Stwierdziłam, że perspektywa Dymitra będzie pojawiać się co kilka rozdziałów.
----------------------------------------------------------------------------------------------------------------------------
Rose:
Dni mijały podobnym rytmem. Dymitr wychodził po śniadaniu, ja sprzątałam po śniadaniu, przychodziła Sonia i gdzieś mnie wyciągała. Przez to gdzieś chcę powiedzieć, że zabierała mnie do kawiarni i cukierni na całym Dworze, a mieliśmy ich tu sporo. Fajnie było spędzać z nią czas i zauważyłam, że zaczyna panować nad obłędem co bardzo mnie cieszy, bo wszyscy bali się jakie będzie mieć skutki duch na dzieci. Dziś stwierdziłyśmy, że za dwa dni jedziemy do miasta z Sydney. Niestety została jedna nierozwiązana sprawa. Michaił i Dymitr się na to nie zgadzają.

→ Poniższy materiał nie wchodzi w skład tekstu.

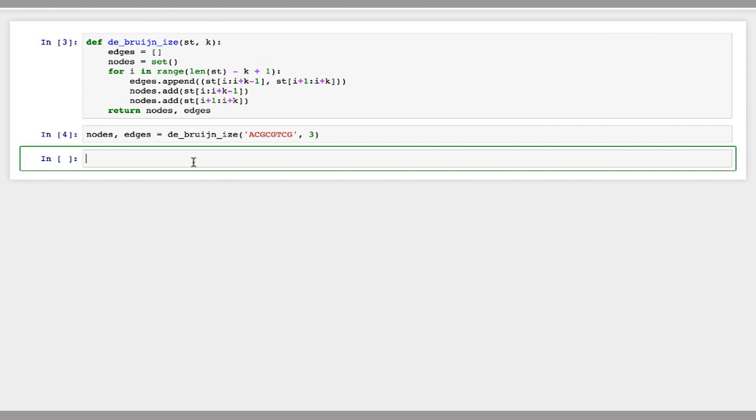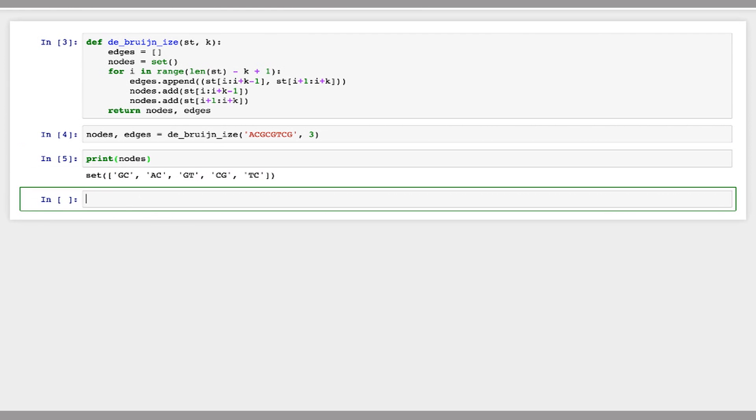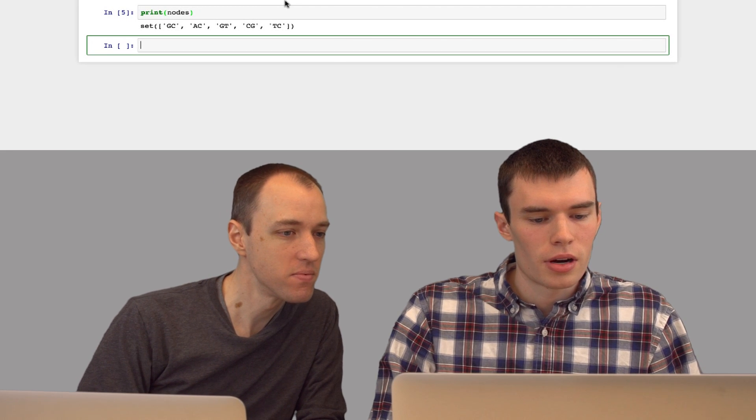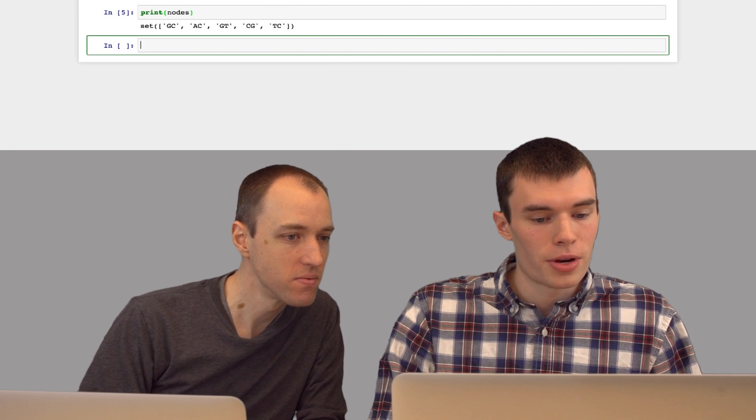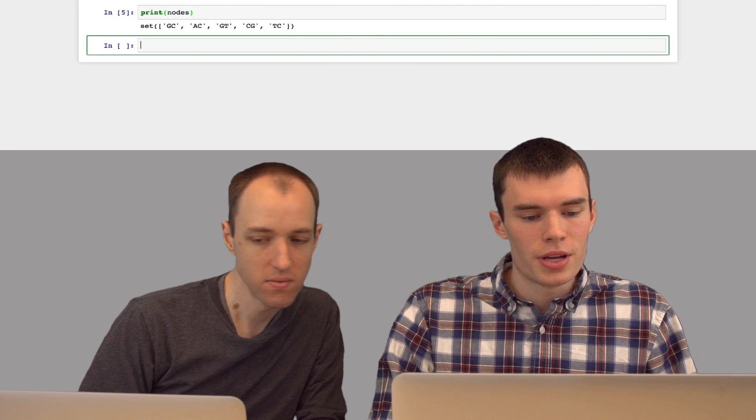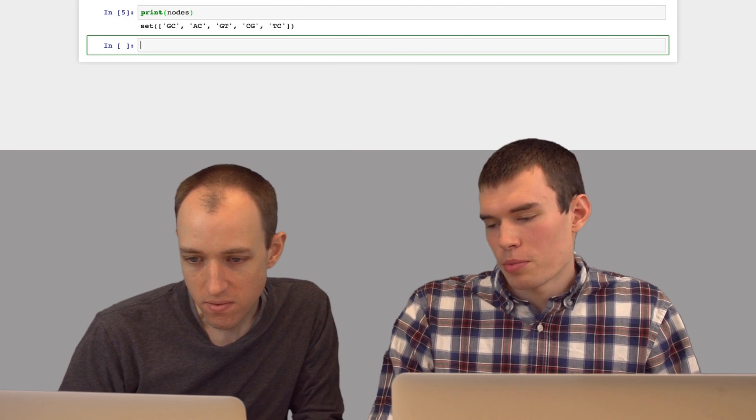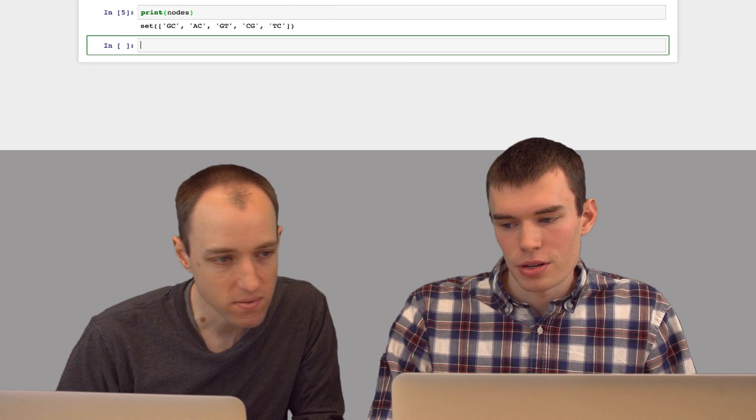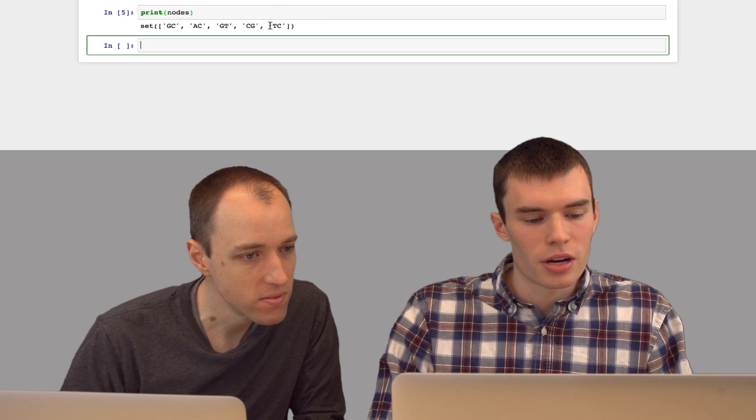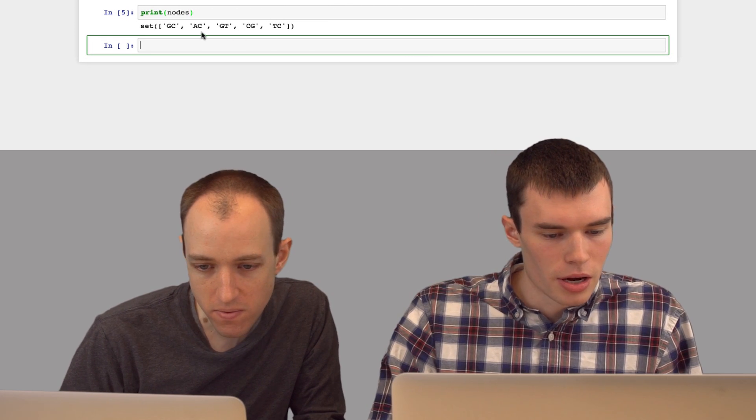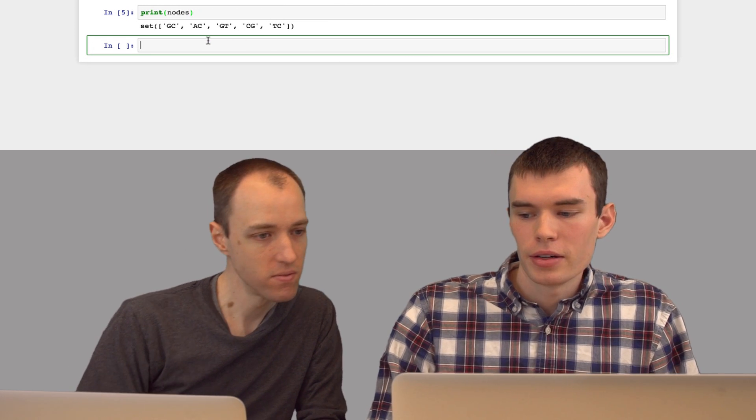Now let's print out our set of nodes. Okay. We've got AC. We've got CG. We've got GC. We've got GT. Looks like we've got all of them. Yeah. And so since our kmer length is 3, every k-1mer in this string should appear in our set of nodes. And it looks like they're all there.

-Soniu co my zrobimy? Dymitr powiedział, że nie puści mnie nigdzie samej, a niestety jak my będziemy wyjeżdżać to będzie w domu.
-Nic mi nie mów Michaił powiedział, że siłą zaciągnie mnie do domu i przywiąże do krzesła, ale bez niego nigdzie nie pojadę.-obie chciałyśmy wymknąć się z domu, ale sprawa była na tyle skomplikowana, że nasi mężowie którzy są nadopiekuńczy nie puszczą nas samych. Tłumaczyłyśmy im, że jedziemy w dzień i nic nam nie grozi, ale uparli się, że coś może stać się dzieciom. W moim przypadku nie odzywam się do Dymitra od dwóch dni i nie śpię u nas w sypialni tylko w gościnnym, ale długo tak nie pociągnę bo plecy mam jak z krzyża zdjęte.
-A może tak im coś obiecać?-spytała Sonia. Siedziałyśmy w kawiarence tuż przy pałacu i zastanawiałyśmy się co możemy zrobić.
-Ale co?-spojrzałam na nią zastanawiając się co skusi mojego męża do zgody na wyjazd.
-Nie wiem.-Sonia siedząca naprzeciwko mnie wydawała się lekko podłamana.-Ale musimy coś wymyślić bo do wyjazdu zostały dwa dni, a ja nie mam zamiaru mówić Sydney, że jednak nie jedziemy.
-Wściekłaby się i tyle byłoby z jej pomocy.-stwierdziłam. Przerwałyśmy rozmowę bo do kawiarenki wszedł Michaił, a zaraz za nim Dymitr. Przejechałam szybkim spojrzeniem po mężu i skupiłam się na przyjaciółce.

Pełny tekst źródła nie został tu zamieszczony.